[RECORDS FOR THIS EXERCISE — start]
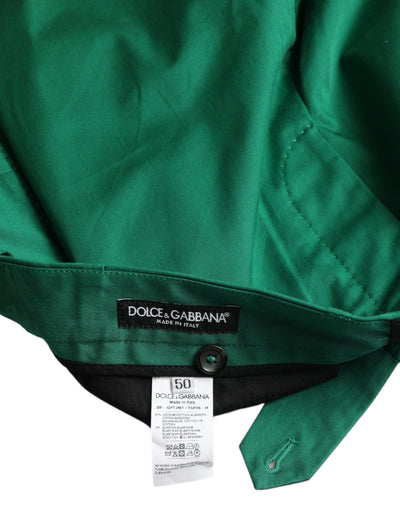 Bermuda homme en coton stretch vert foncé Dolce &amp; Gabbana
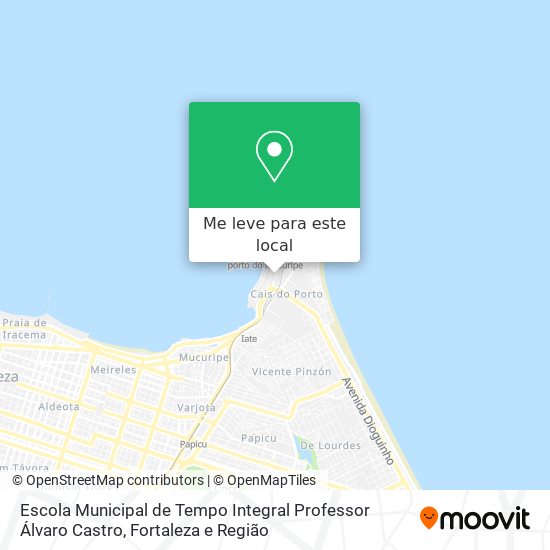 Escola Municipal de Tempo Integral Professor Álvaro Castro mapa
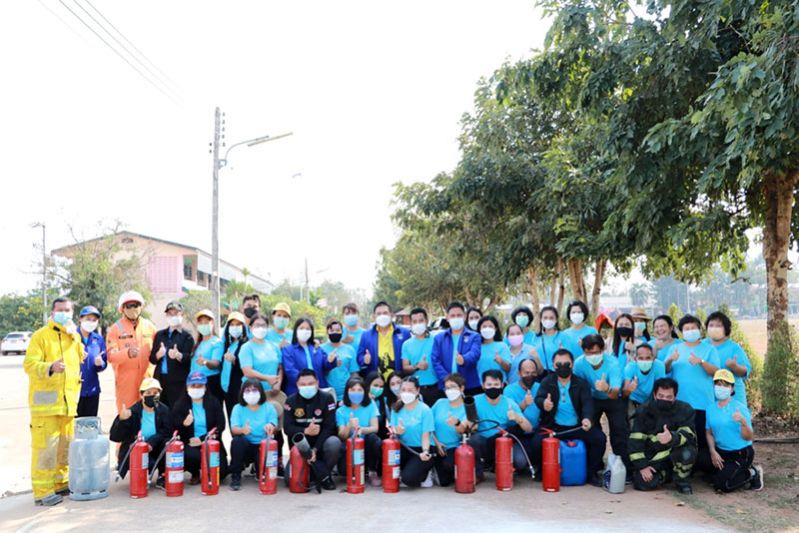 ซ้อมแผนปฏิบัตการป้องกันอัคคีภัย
[RECORDS FOR THIS EXERCISE — finish]
[RECORDS FOR THIS EXERCISE — start]
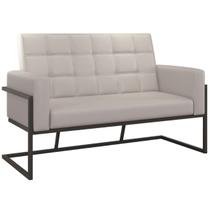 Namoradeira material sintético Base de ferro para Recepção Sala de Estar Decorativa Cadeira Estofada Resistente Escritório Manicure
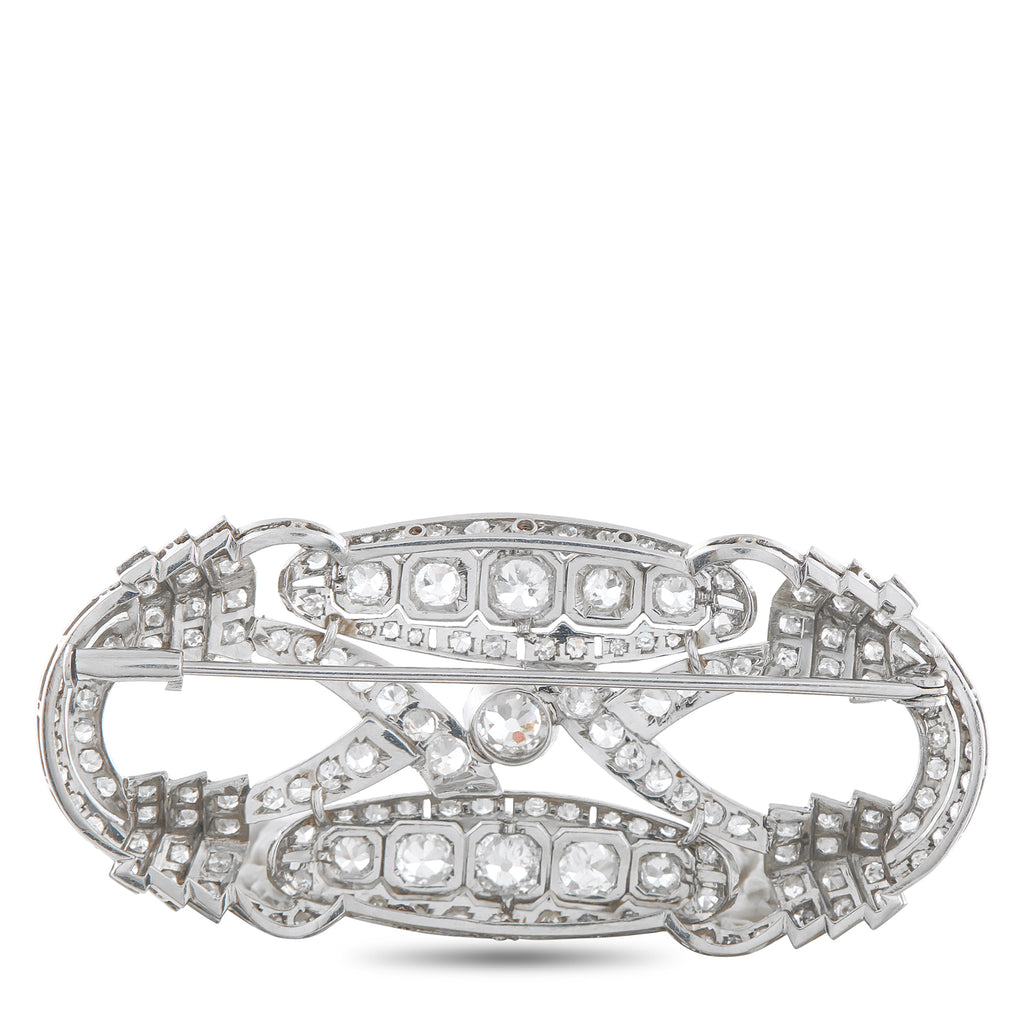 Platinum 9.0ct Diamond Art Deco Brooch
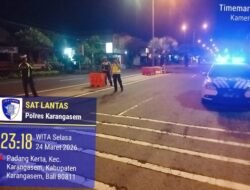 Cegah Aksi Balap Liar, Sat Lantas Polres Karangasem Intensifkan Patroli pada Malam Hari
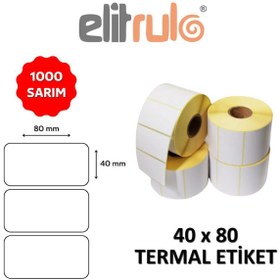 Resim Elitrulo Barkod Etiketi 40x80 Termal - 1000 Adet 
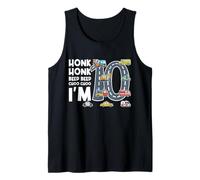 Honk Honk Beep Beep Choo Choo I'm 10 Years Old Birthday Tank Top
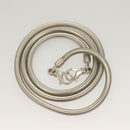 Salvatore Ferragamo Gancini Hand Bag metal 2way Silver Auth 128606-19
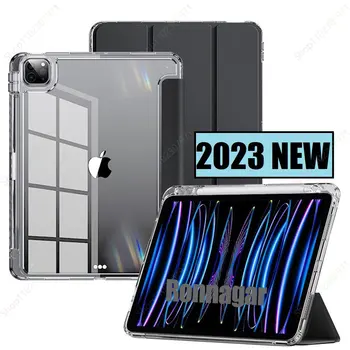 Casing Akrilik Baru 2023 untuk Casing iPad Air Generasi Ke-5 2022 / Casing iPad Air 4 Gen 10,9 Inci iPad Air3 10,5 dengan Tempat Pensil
[RECORDS FOR THIS EXERCISE — finish]
[RECORDS FOR THIS EXERCISE — start]
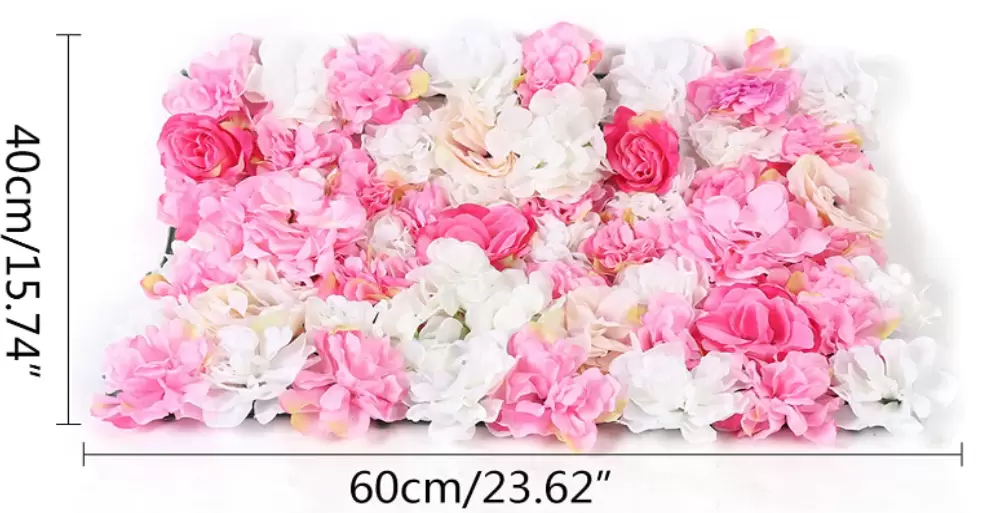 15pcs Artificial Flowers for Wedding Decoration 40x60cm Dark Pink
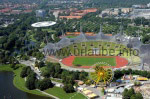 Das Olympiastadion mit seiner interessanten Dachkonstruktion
[RECORDS FOR THIS EXERCISE — finish]
▶ [REQUIREMENT]
I'd like the lines above repeated exactly, from the one that contains "15pcs Artificial Flowers" through the one that contains "Das Olympiastadion mit", with no pictures.

▶ [TASK RESULT]
 15pcs Artificial Flowers for Wedding Decoration 40x60cm Dark Pink
 Das Olympiastadion mit seiner interessanten Dachkonstruktion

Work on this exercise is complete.